准教授 葉口英子(広告論、音楽学、メディア論)

 私たちは生きていくために必要な欲求を充たしながら、より便利で快適な生活を送ろうと日々多くのモノやサービスを消費し、享受している。こうした消費は個人や世帯の数だけ、千差万別のスタイルが存在するといってよい。なぜなら消費スタイルには、個人や世帯の収入が関与するだけでなく、それぞれの属性、住環境、趣味趣向、ライフスタイル、消費に対する価値観の違いなどさまざまな要因が反映されるからだ。
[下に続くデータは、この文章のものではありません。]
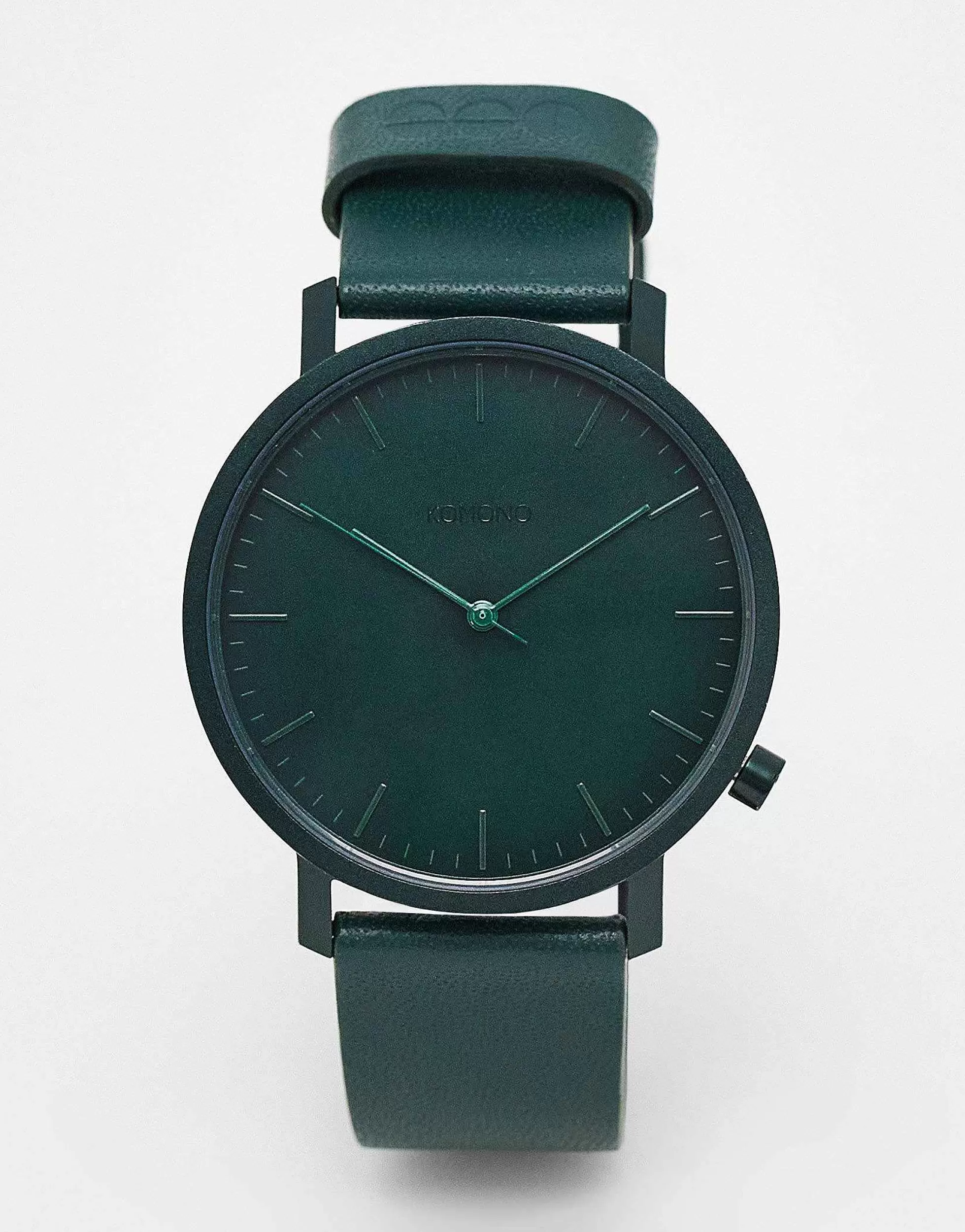 Men Komono Lewis Mono Watch In Forest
ただし、それらの消費スタイルを社会全体で捉えたとき、人びとがどのような消費志向を抱いていたのか、どのような消費スタイルが主流であったのか、各時代で一定の傾向が見受けられる。

 例えば、戦後、復興から高度経済成長期には「大量消費」「大都市志向」「アメリカ志向」といった志向がみられ、三種の神器(テレビ・冷蔵庫・洗濯機)、3C(カラーテレビ・車・クーラー)が大量に生産・消費された。続いて1970年代半ばから1990年初頭のバブル崩壊まで、「個性化」「多様化」「差別化」「ブランド・高級志向」といった志向がみられ、家電や車は家族での共有から個人所有へと変化し、消費のあり方は量から質への転換がみられた。

 さて、現在の消費志向はいかなる様相を呈しているのだろうか。例えばその一つの手がかりとして今の若者が抱く消費に対する価値観を知るのも有効だといえよう。

 『絶望の国の幸福な若者たち』(講談社)の著者古市氏によれば「今の二十代はお金がなくても幸せだ」ということらしい。デフレが進み、そこそこの品質のモノをそこそこの価格で買える今の日本は、大金のない若者にとっても暮らしやすい社会であり、実際、内閣府「国民生活に関する世論調査」によると、1970、80、90年代の二十代では「生活に満足している」と答えたのが5割程度だったのに対し、2005年には約7割が「満足」と答えているという。

 また今の若者の消費概念には、「都心部で車を買うのは意味がない」「外食でなく自炊すればよい」「ブランドものを買うのはナンセンス」という傾向がみられる一方、仲間とのつながりやコミュニケーションを求めるための通信費は惜しまない。他にも生涯未婚のままシェアハウスで暮らすのもよい、という新しい価値観も出現しているようだ。

 こうした従来の若者にはみられなかった消費に対する‘保守的’な価値観は、非正規雇用者や生涯未婚者の増加といった問題にも加え、階層社会化が日本で進行し、国力の衰退を招くのではないか、という批判もある。

 私が担当する消費者行動論では、学生に消費に対する価値観やお金と幸福との関係に関する意見を聞く機会があるのだが、先述した古市氏の資料を提示すると「共感する」という意見が多く見受けられる。まさに現在この「共感」が消費志向のキーワードであり、近年の消費の価値観は「個人から社会へ」「シェア」へと移行しつつある、という説もある。果たして今の若者の消費価値が「個人から社会へ」「シェア」の傾向があるのだろうか。(学生の意見を参照すると、その傾向はなさそうだ、というのが現時点での私の見解だけれども…。)いずれにせよ、現在進行中の消費の様相はのちに検証され明らかになるだろう。

 このように講義を通じて、自分の生きた時代との違いを感慨深く思ったり、新しい価値観の遭遇に感心することも多く、今の若者の実像を知り、その本音に触れることで、刻々と変化する時代や社会の諸相を実感できるのも教員冥利の一つである。